Fix issue with attention mask not being applied in single blocks

2026-04-09 06:45:09 +00:00 · 2024-08-24 12:39:54 +09:00
parent 99744af53a
commit 2e89cd2cc6
3 changed files with 36 additions and 33 deletions
--- a/README.md
+++ b/README.md
@@ -9,6 +9,9 @@ __Please update PyTorch to 2.4.0. We have tested with `torch==2.4.0` and `torchv
 The command to install PyTorch is as follows:
 `pip3 install torch==2.4.0 torchvision==0.19.0 --index-url https://download.pytorch.org/whl/cu124`

+Aug 24, 2024:
+Fixed an issue where the attention mask was not applied in single blocks when `--apply_t5_attn_mask` was specified.
+
 Aug 22, 2024 (update 2):
 Fixed a bug that the embedding was zero-padded when `--apply_t5_attn_mask` option was applied. Also, the cache file for text encoder outputs now records whether the mask is applied or not. Please note that the cache file will be recreated when switching the `--apply_t5_attn_mask` option.

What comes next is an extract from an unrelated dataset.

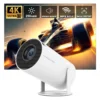 Magcubic Projector HY300 Pro 4K Android 11 Dual Wifi6 290ANSI BT5.0 1080P 1280*720P Home Cinema Outdoor Projetor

--- a/flux_train_network.py
+++ b/flux_train_network.py
@@ -243,7 +243,7 @@ class FluxNetworkTrainer(train_network.NetworkTrainer):
                self.flux_upper.to("cpu")
                clean_memory_on_device(self.target_device)
                self.flux_lower.to(self.target_device)
-                return self.flux_lower(img, txt, vec, pe)
+                return self.flux_lower(img, txt, vec, pe, txt_attention_mask)

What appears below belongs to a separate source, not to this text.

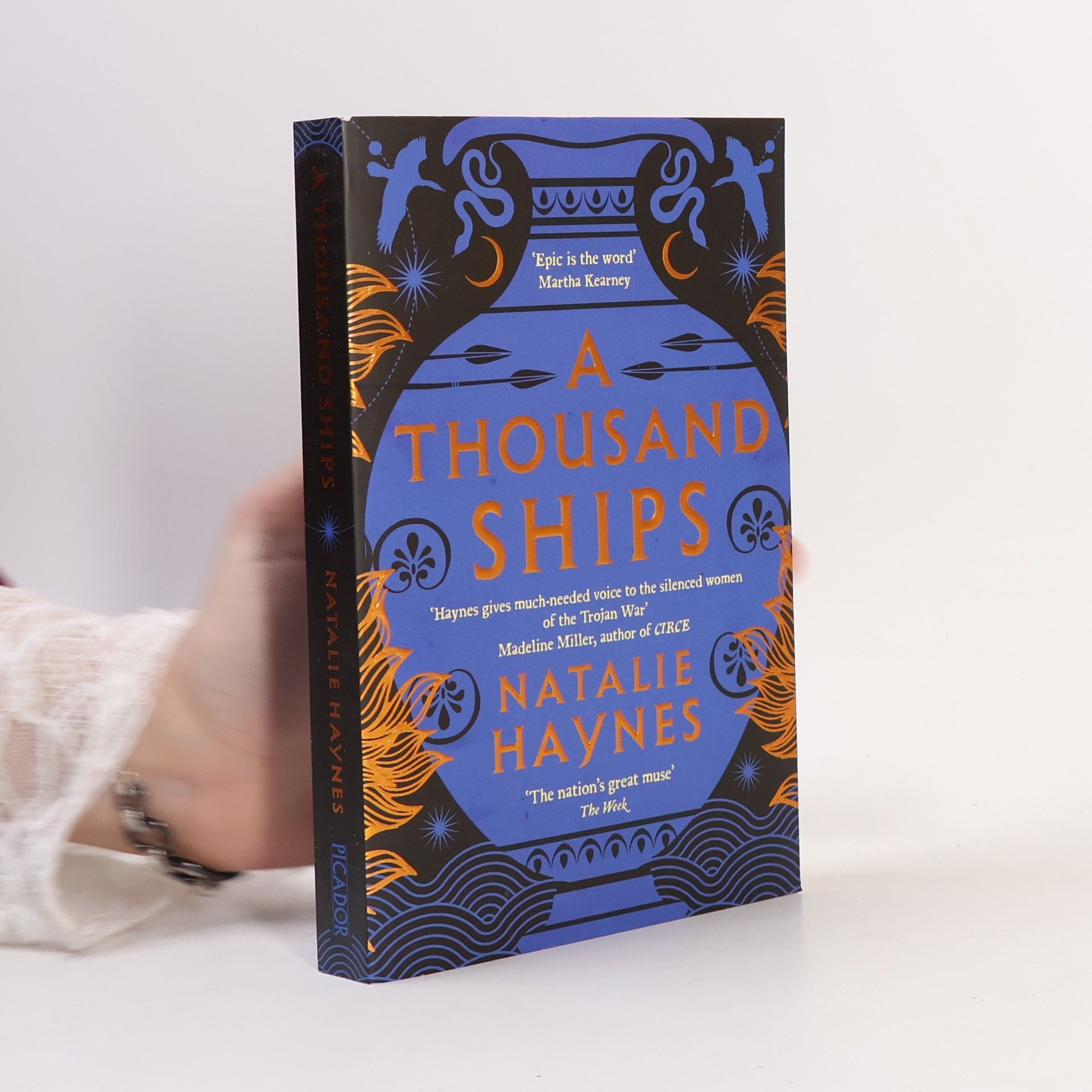 Natalie Haynes A Thousand Ships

        wrapper = FluxUpperLowerWrapper(self.flux_upper, flux, accelerator.device)
        clean_memory_on_device(accelerator.device)
@@ -352,7 +352,7 @@ class FluxNetworkTrainer(train_network.NetworkTrainer):
                intermediate_txt.requires_grad_(True)
                vec.requires_grad_(True)
                pe.requires_grad_(True)
-                model_pred = unet(img=intermediate_img, txt=intermediate_txt, vec=vec, pe=pe)
+                model_pred = unet(img=intermediate_img, txt=intermediate_txt, vec=vec, pe=pe, txt_attention_mask=t5_attn_mask)

        # unpack latents
        model_pred = flux_utils.unpack_latents(model_pred, packed_latent_height, packed_latent_width)
--- a/library/flux_models.py
+++ b/library/flux_models.py
@@ -752,18 +752,6 @@ class DoubleStreamBlock(nn.Module):
        else:
            return self._forward(img, txt, vec, pe, txt_attention_mask)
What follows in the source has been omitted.